2004 Latest Caselaw 1375 Del

Citation : 2004 Latest Caselaw 1375 Del
Judgement Date : 30 November, 2004

Delhi High Court
Delhi Transport Corporation ... vs The Presiding Officer, ... on 30 November, 2004
Equivalent citations: 116 (2005) DLT 673
Author: M B Lokur
Bench: M B Lokur

JUDGMENT

Madan B. Lokur, J.

1. The Petitioner is aggrieved by an Award dated 22nd August 1985 passed by the Industrial Tribunal in ID No. 85 of 1979 (old) and ID No. 305 of 1984 (new).

2. The appropriate Government, through the Secretary (Labour) of the Delhi Administration referred the following question for adjudication by the Industrial Tribunal:-

''Whether the pay scales of the Security Staff up to the rank of the Asstt. Security Inspector need be revised, and, if so, what directions are necessary in this respect?''

3. By the impugned Award, it was held that Respondent No.3 (Workmen) are entitled to the pay scales of their counterparts in the Delhi Police. Consequently, an Assistant Security Inspector (ASI) was held entitled to the pay scale of Rs. 425-700, a Security Havaldar was held entitled to the pay scale of Rs.260-350 and a Security Guard was held entitled to the pay scale of Rs.225-308. All these categories of employees of the Petitioner were held entitled to their respective pay scales with effect from 1st October 1979, with subsequent increases from time to time.

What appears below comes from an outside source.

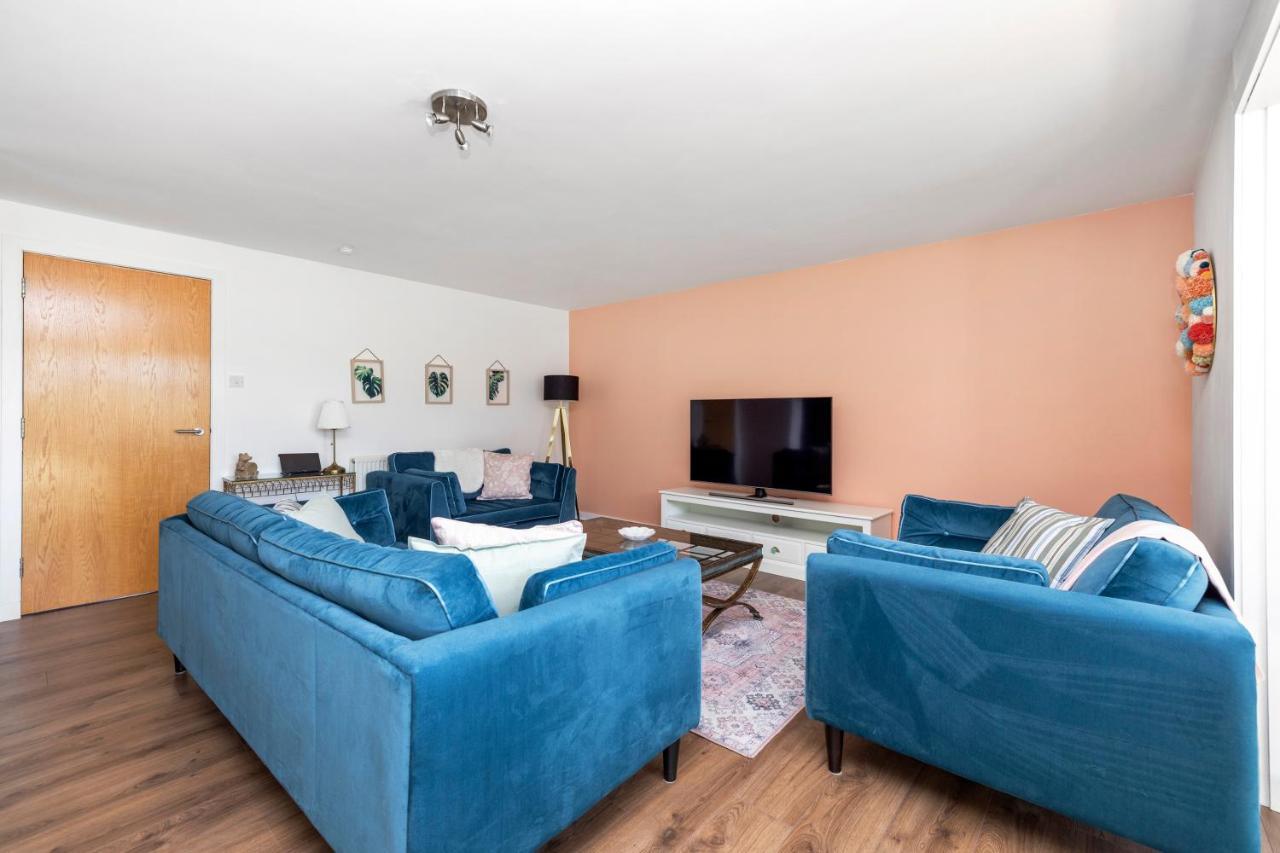 Joivy Modern 2 Bed Flat Near Murrayfield Stadium Apartment Edinburgh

4. Learned counsel for the parties were heard on 2nd, 8th, 28th, 29th and 30th September, 2004 when judgment was reserved.

5. Learned counsel for the Petitioner made two principal submissions, the first one having different facets and nuances.

6. It was submitted that the reference made to the learned Tribunal was incompetent in as much as fixing pay scales of the employees of the Petitioner involved the exercise of a statutory power. In this regard, reference was made to the Delhi Road Transport Authority Act, 1950 (the DRTA Act) and the Delhi Road Transport Authority (Scales of Pay) Regulations, 1950 framed there under (the 1950 Regulations); the Road Transport Corporations Act, 1950 (the 1950 Act) read with the Delhi Road Transport Laws (Amendment) Act, 1971 (the Amendment Act). On his turn, learned counsel for the Workmen drew my attention to the Delhi Road Transport Authority (Scales of Pay) Regulations, 1992 (the 1992 Regulations).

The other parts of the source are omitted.